Icy materials present in gas clouds throughout our galaxy could have provided this shelter, according to researchers from NASA’s Ames Research Center, SETI (Search for Extraterrestrial Intelligence) Institute in Mountain View, Calif., and the University of California, Santa Cruz. The materials could have hitched a ride to Earth on comets, meteorites, or interplanetary dust.

In their lab, the scientists prepared wafers of a frozen mix containing water, methanol, ammonia, carbon monoxide, and other molecules known to be present in interstellar gas clouds. They then subjected the wafers to the frigid temperatures and high vacuum present in deep space. Next, they zapped the ices with ultraviolet light for several weeks, mimicking the high-energy radiation that these molecules would receive in space.

The researchers brought the residue of this icy mixture to room temperature and added liquid water, which would have been present on ancient Earth. They found that the resulting molecules had arranged themselves in spherical vesicles similar in size, shape, and structure to cell membranes.

“At some point, life had to become encapsulated. It had to separate itself from its environment,” says biochemist Jason P. Dworkin of both Ames and SETI. “If this stuff is raining down from space . . . then early life may have had no problem in forming a shell around itself.”

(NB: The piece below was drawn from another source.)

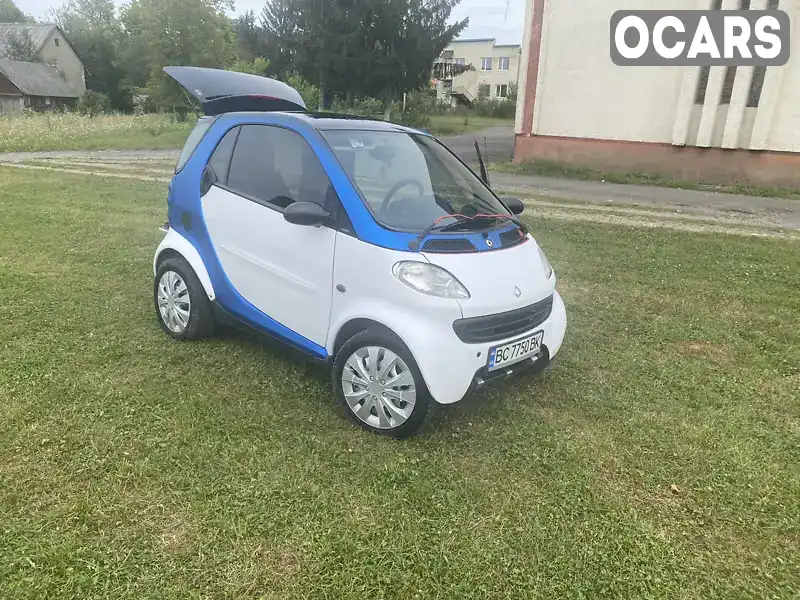 Купе Smart Fortwo 2002 0.6 л. Автомат обл. Закарпатская, Хуст - Фото 1/12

Dworkin, David W. Deamer of UC Santa Cruz, and Scott A. Sandford and Louis J. Allamandola of Ames describe their findings in the Jan. 30 Proceedings of the National Academy of Sciences.

Deamer reported in 1989 that when organic compounds extracted from the so-called Murchison meteorite interact with water, they form hollow droplets that resemble cell membranes. When he and his colleagues analyzed laboratory ices, “to our surprise and delight, we found that vesicular structures formed that looked very much like those we saw in the Murchison material,” Deamer says.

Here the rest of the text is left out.